====== INPUT ======

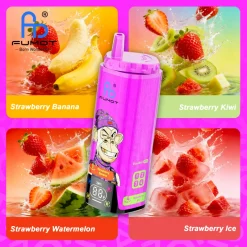 Fumot ECO 4 w 1 – jednorazowy vape na 80 tys. zaciągnięć: 3 smaki – truskawka z bananem, truskawka z kiwi, truskawka z arbuzem oraz truskawka z lodem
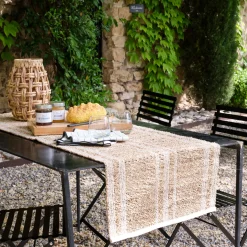 Chemin de table en paille et coton - naturel 50x150cm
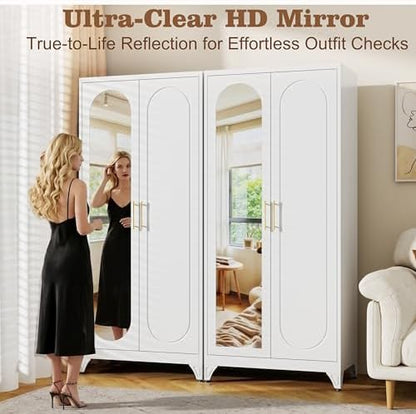 71" White Armoire Wardrobe Closet with Full Mirror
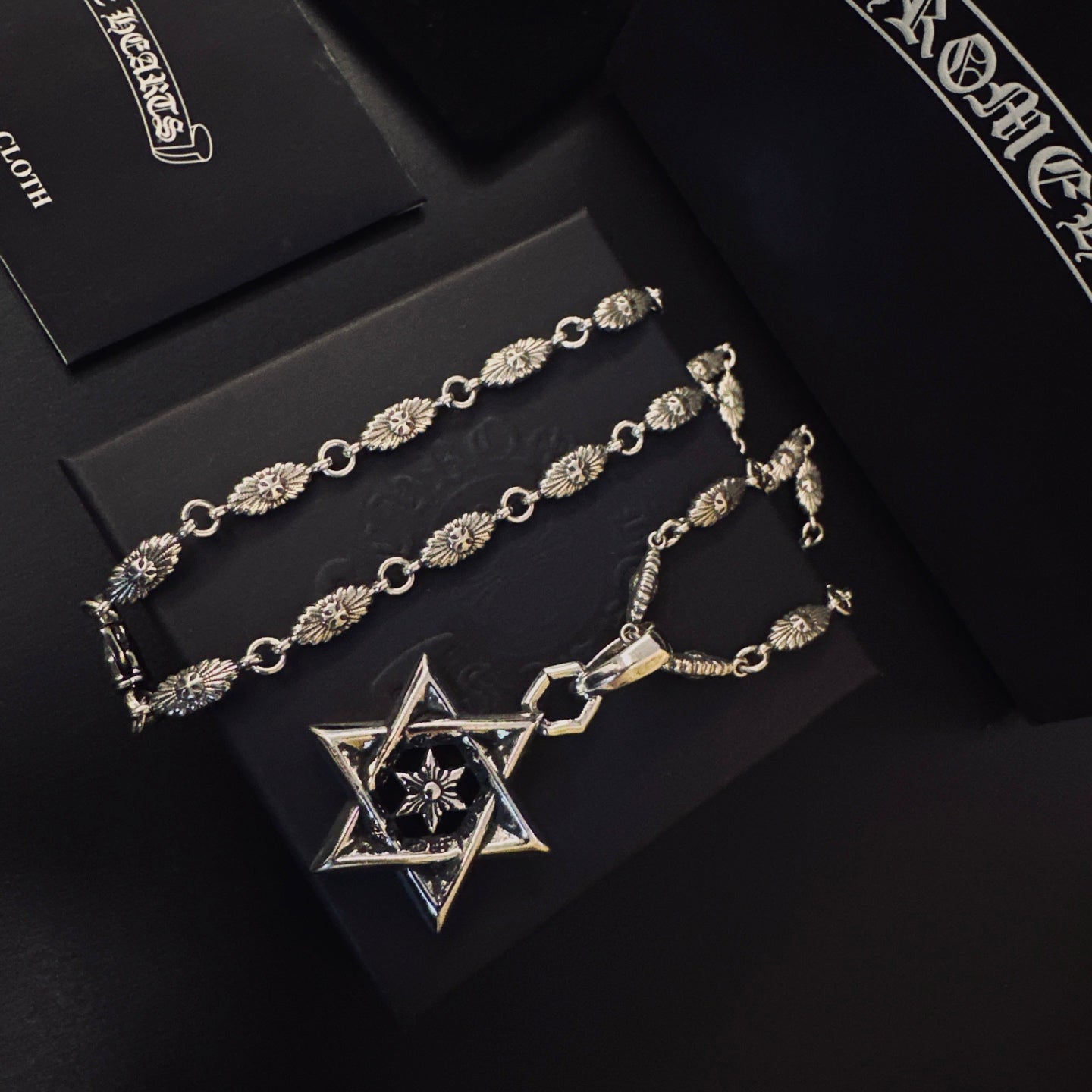 Gothic Emblem Pendant Necklace in Metal-Tone – Design 13 styled product view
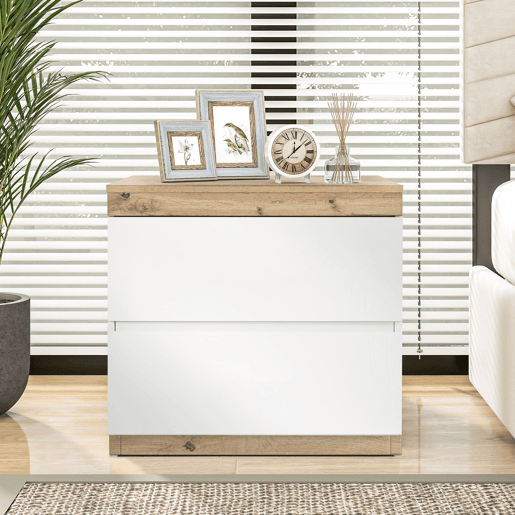 Mesa de cabeceira com 2 gavetas - Estilo escandinavo - Branco Mesa de cabeceira com 2 gavetas - Estilo escandinavo - Branco
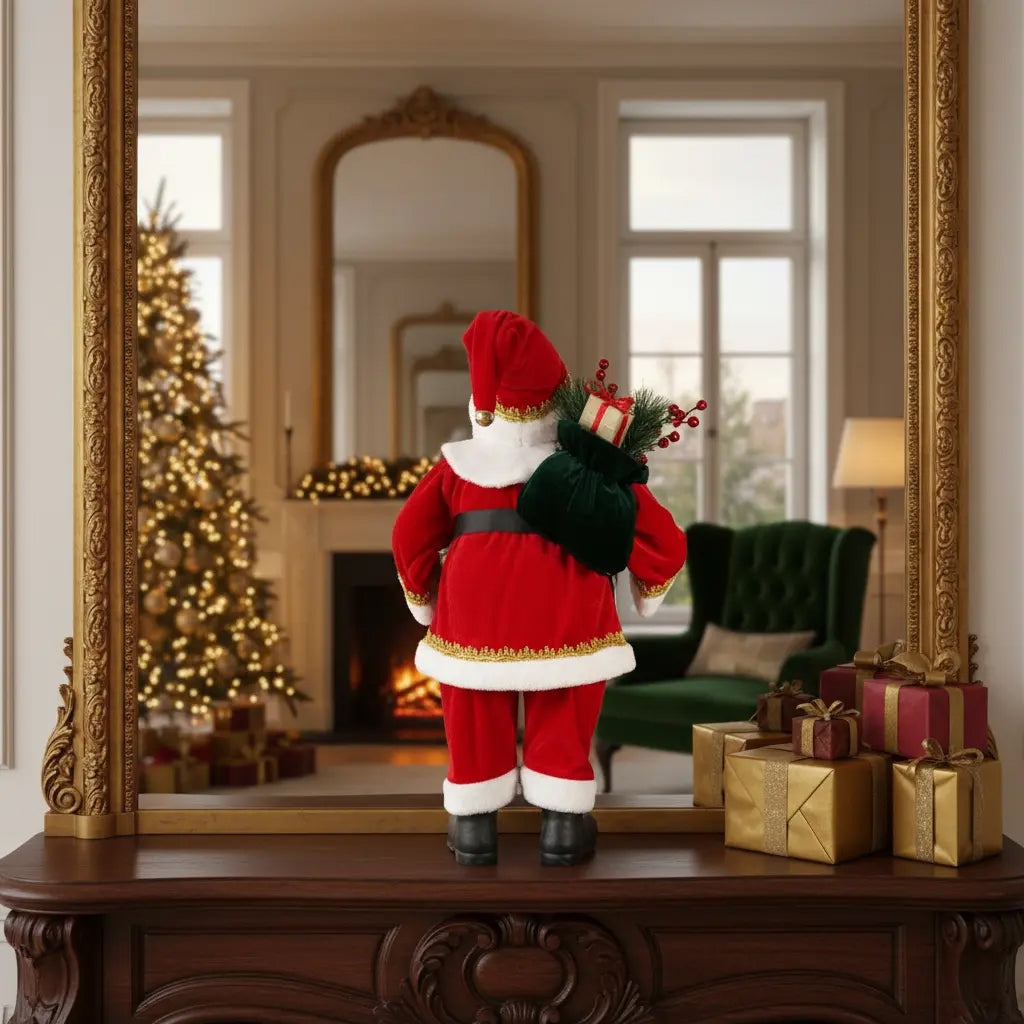 Santa Con Cascanueces Figura Decorativa Navideña 60x30x20 Cm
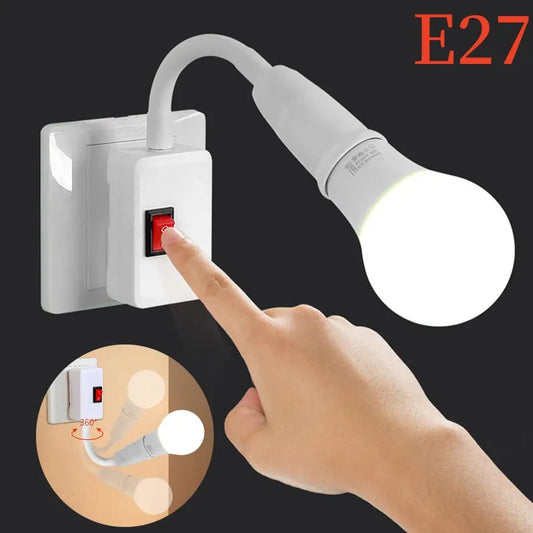 E27 Socket Lamp Bulb Holder Light Socket With Switch EU US UK Plug Lamp Holder Energy Saving LED Table Lamp Led Base Lamp Base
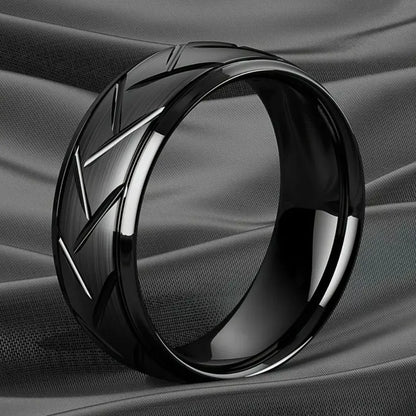 TRENDZ Black Stainless Steel Ring Groove Multi-Faceted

======

TASK TO CARRY OUT:
With the images excluded, reproduce the data above precisely as written.

EXERCISE SOLUTION:
 Fumot ECO 4 w 1 – jednorazowy vape na 80 tys. zaciągnięć: 3 smaki – truskawka z bananem, truskawka z kiwi, truskawka z arbuzem oraz truskawka z lodem
 Chemin de table en paille et coton - naturel 50x150cm
 71" White Armoire Wardrobe Closet with Full Mirror
 Gothic Emblem Pendant Necklace in Metal-Tone – Design 13 styled product view
 Mesa de cabeceira com 2 gavetas - Estilo escandinavo - Branco Mesa de cabeceira com 2 gavetas - Estilo escandinavo - Branco
 Santa Con Cascanueces Figura Decorativa Navideña 60x30x20 Cm
 E27 Socket Lamp Bulb Holder Light Socket With Switch EU US UK Plug Lamp Holder Energy Saving LED Table Lamp Led Base Lamp Base
 TRENDZ Black Stainless Steel Ring Groove Multi-Faceted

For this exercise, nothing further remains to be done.